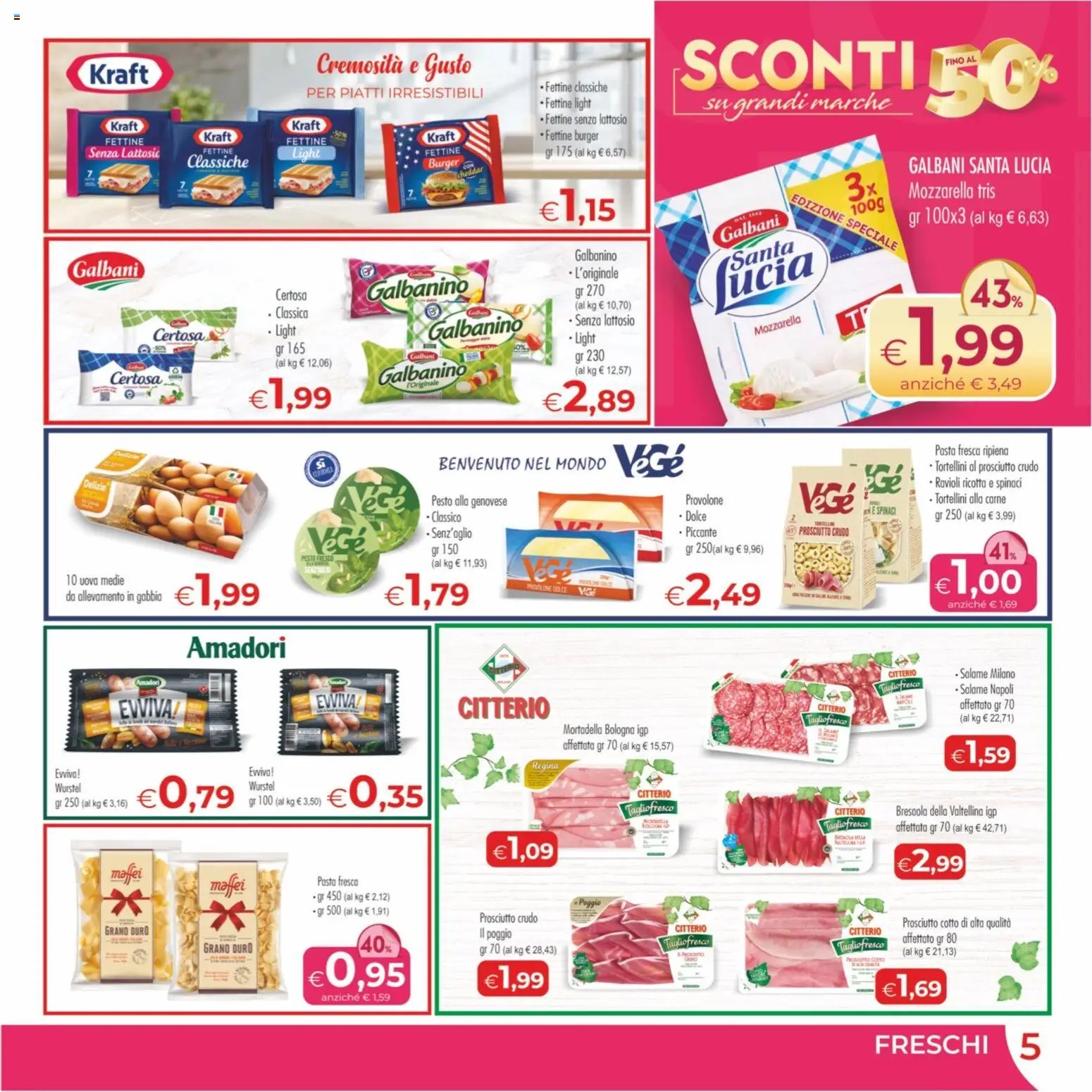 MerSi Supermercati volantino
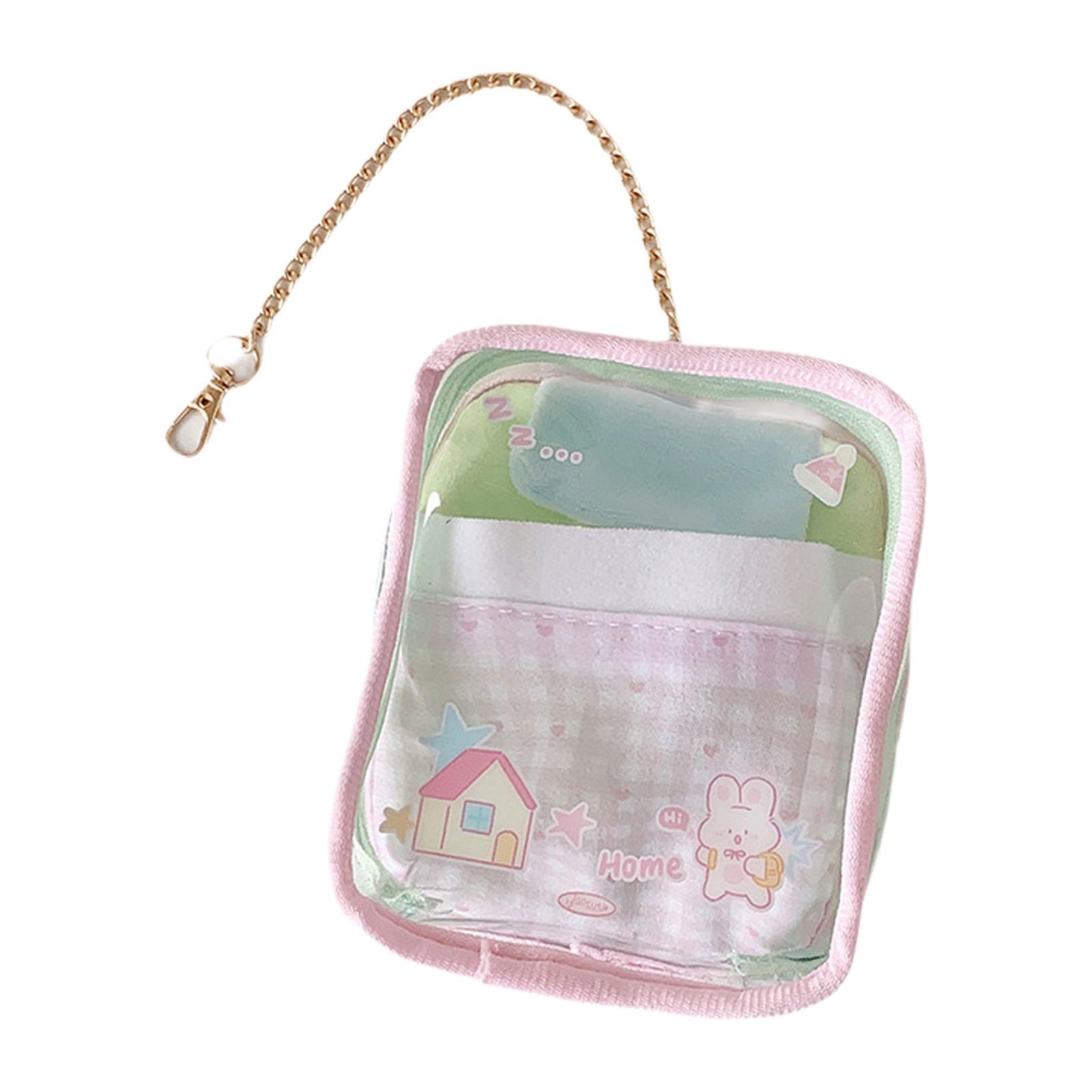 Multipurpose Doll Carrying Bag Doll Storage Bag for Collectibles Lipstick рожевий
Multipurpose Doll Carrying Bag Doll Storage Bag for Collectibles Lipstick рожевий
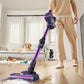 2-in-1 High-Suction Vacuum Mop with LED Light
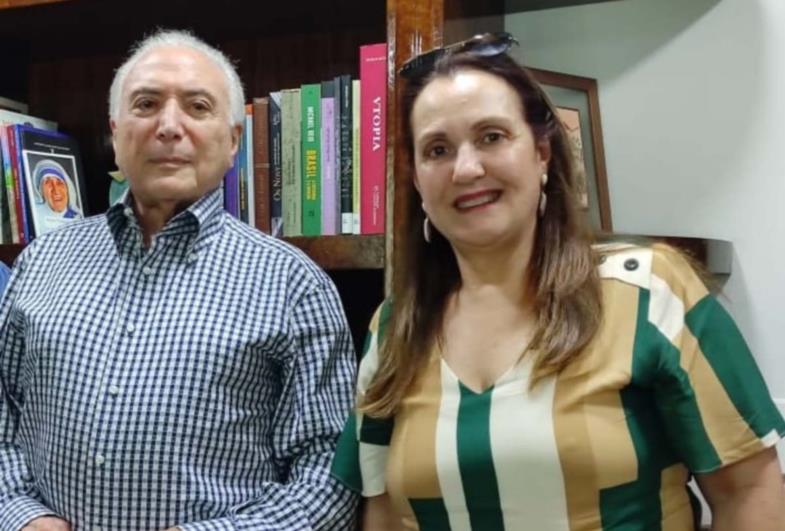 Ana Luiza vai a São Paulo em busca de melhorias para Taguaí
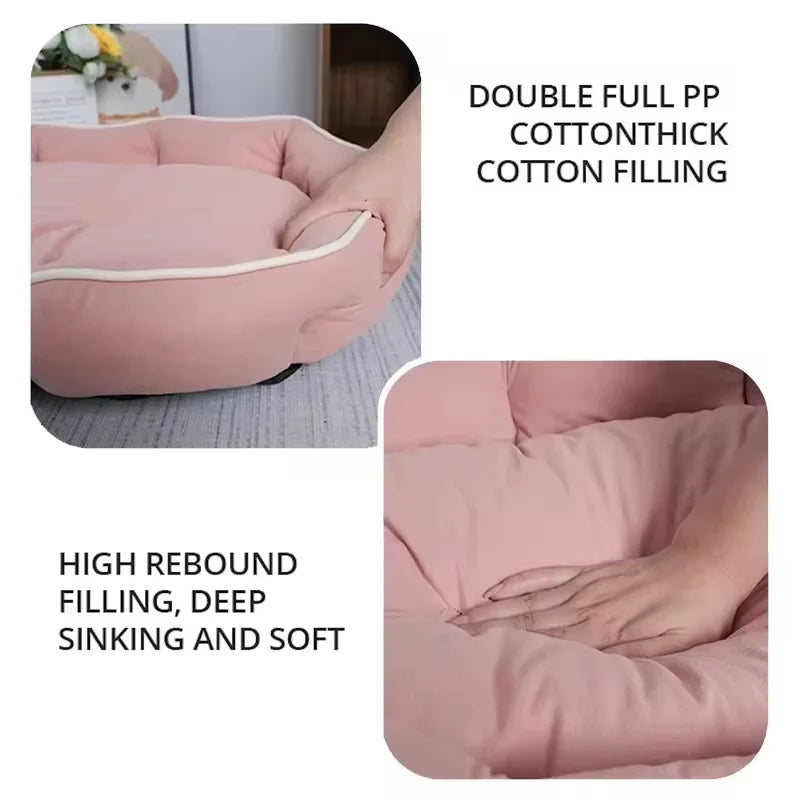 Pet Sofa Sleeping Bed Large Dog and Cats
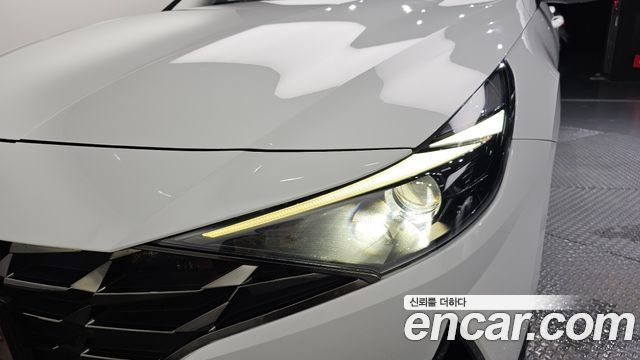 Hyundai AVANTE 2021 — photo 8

::::

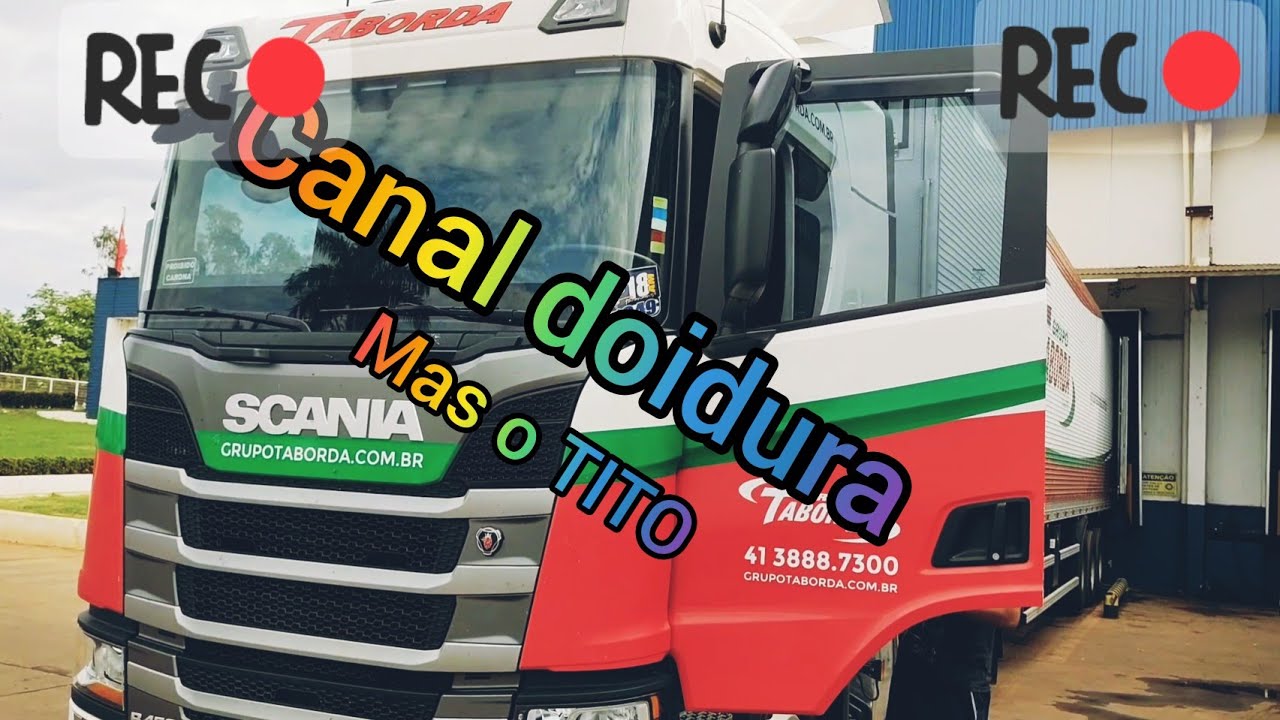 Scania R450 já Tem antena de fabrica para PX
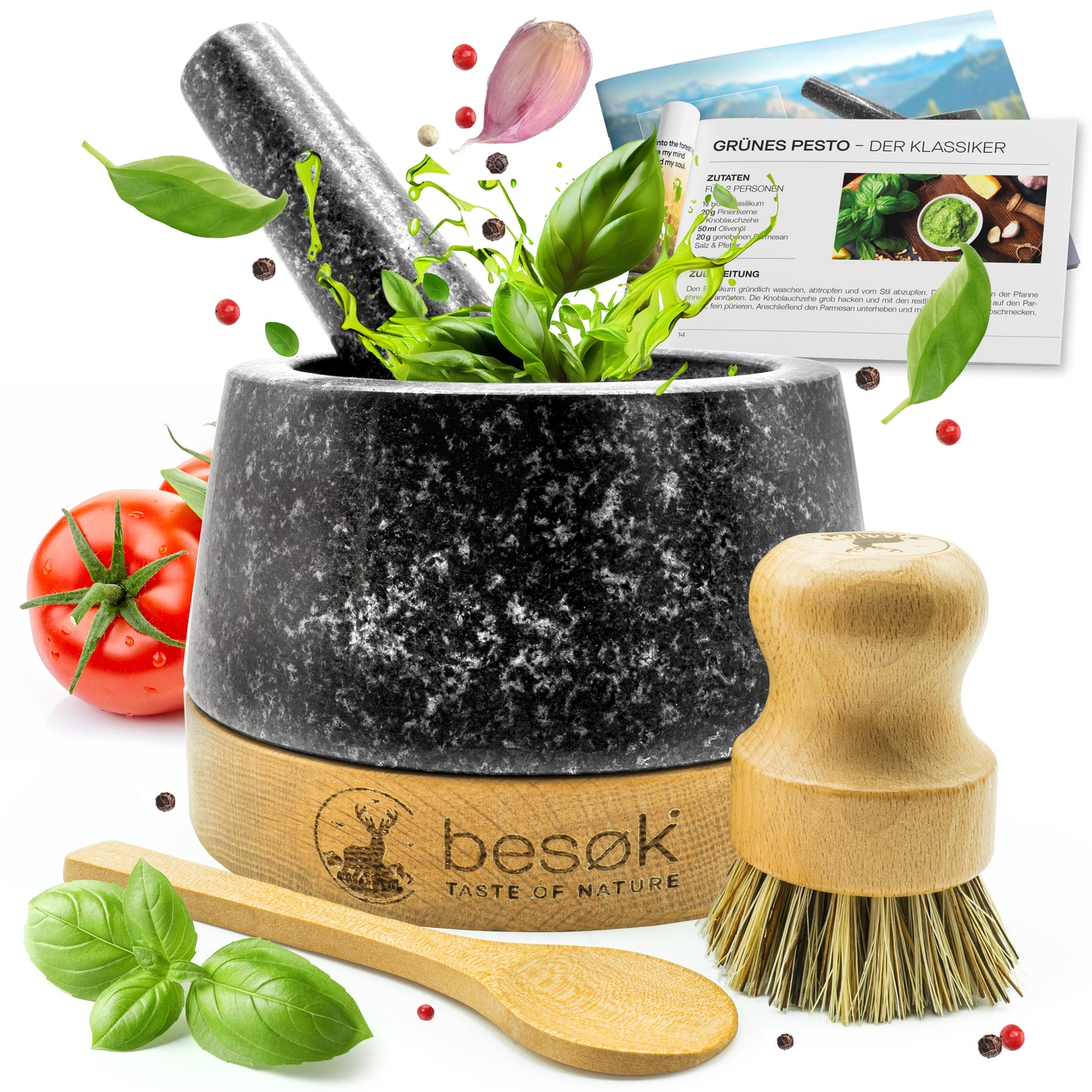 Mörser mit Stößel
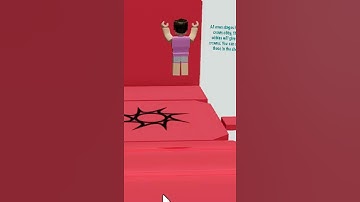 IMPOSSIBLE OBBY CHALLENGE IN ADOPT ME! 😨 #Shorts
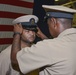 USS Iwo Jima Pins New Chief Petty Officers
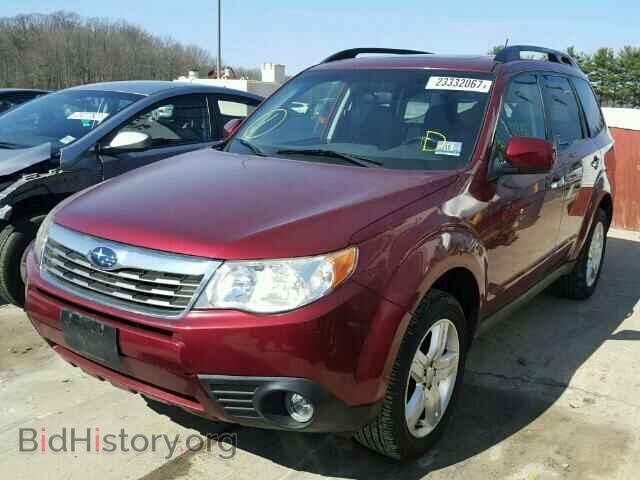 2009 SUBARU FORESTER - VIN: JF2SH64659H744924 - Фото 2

::::

Action item>
Exercise for the records above: copy only the lines from the one with "Pet Sofa Sleeping Bed Large Dog and Cats" to the one with "Hyundai AVANTE 2021 — photo 8", both ends kept, and drop the pictures.

Worked solution>
 Pet Sofa Sleeping Bed Large Dog and Cats
 Hyundai AVANTE 2021 — photo 8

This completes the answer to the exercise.